**GIVEN INFORMATION:**
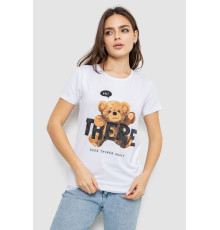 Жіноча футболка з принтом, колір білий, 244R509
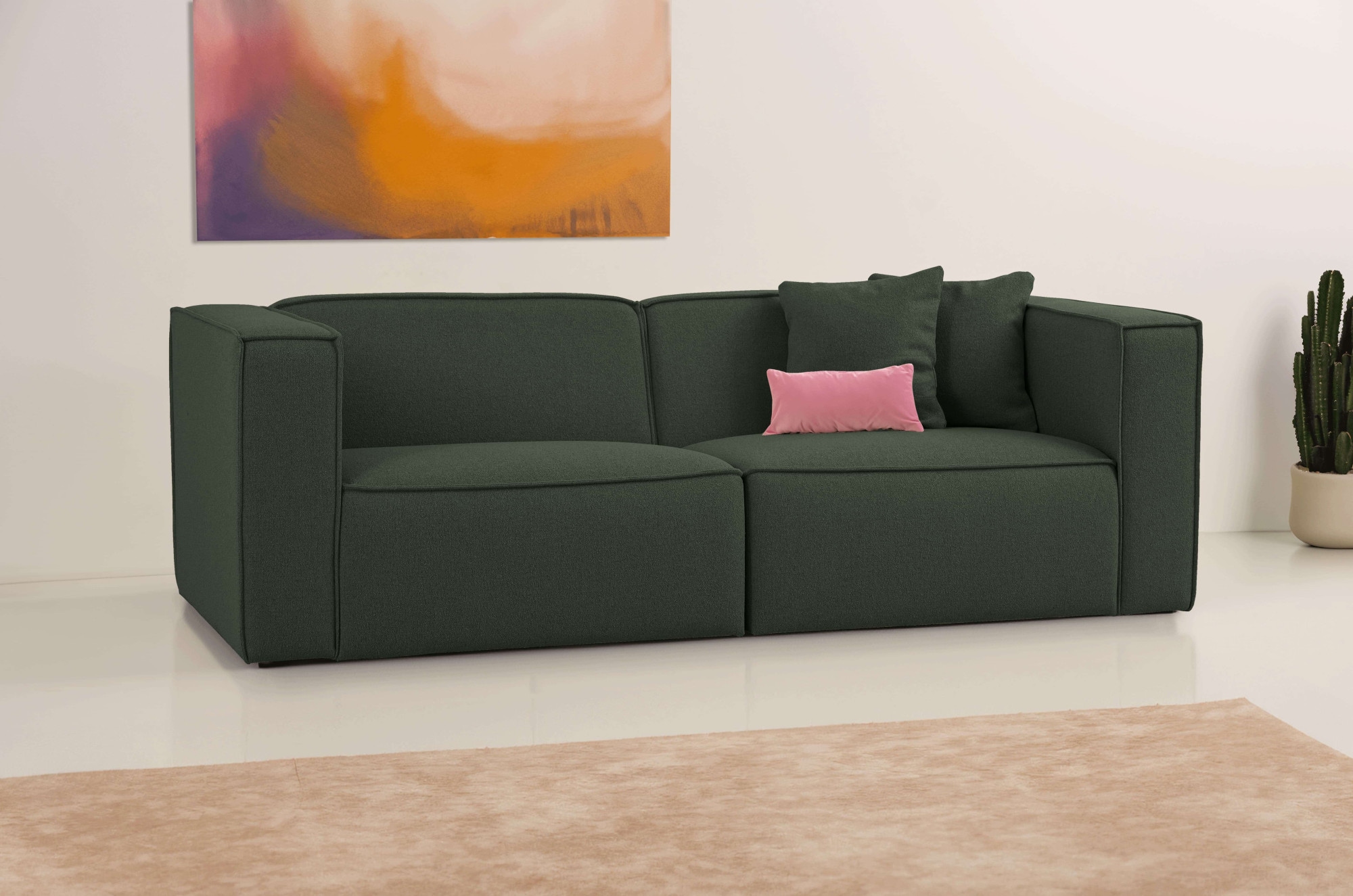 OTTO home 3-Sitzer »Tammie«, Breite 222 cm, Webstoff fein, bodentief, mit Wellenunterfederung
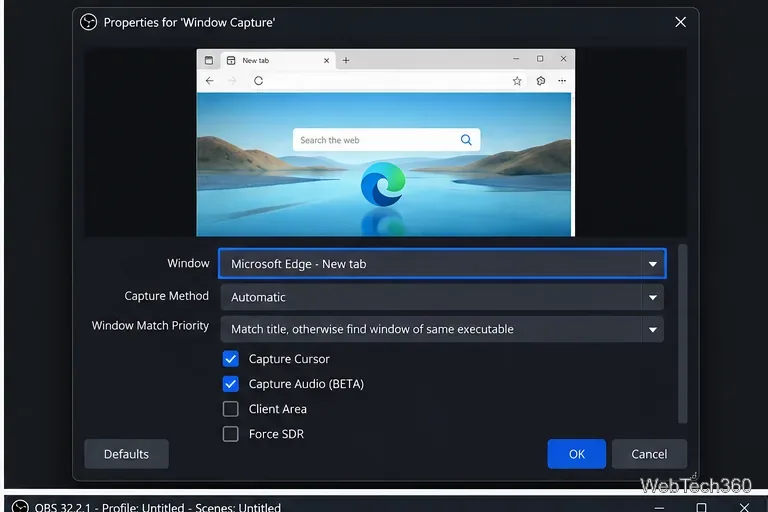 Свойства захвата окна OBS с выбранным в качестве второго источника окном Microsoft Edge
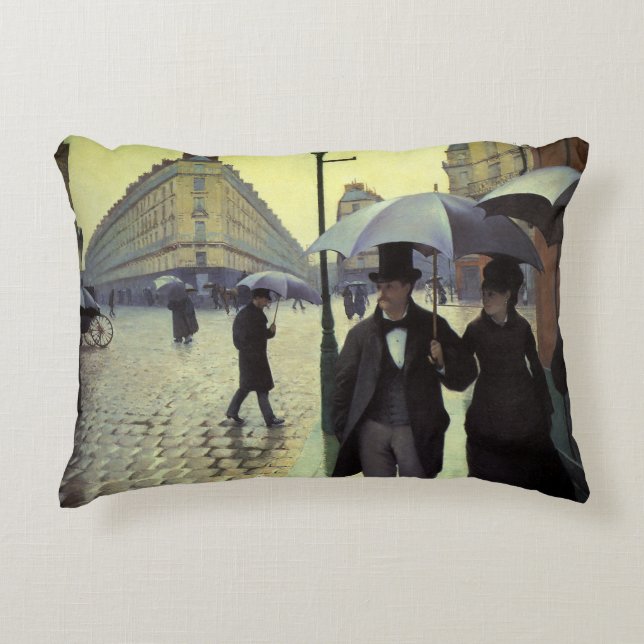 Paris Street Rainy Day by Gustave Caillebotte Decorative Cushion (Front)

**WORK REQUEST:**
Your task is to repeat the data above exactly while excluding the pictures.

**FINAL ANSWER:**
 Жіноча футболка з принтом, колір білий, 244R509
 OTTO home 3-Sitzer »Tammie«, Breite 222 cm, Webstoff fein, bodentief, mit Wellenunterfederung
 Свойства захвата окна OBS с выбранным в качестве второго источника окном Microsoft Edge
 Paris Street Rainy Day by Gustave Caillebotte Decorative Cushion (Front)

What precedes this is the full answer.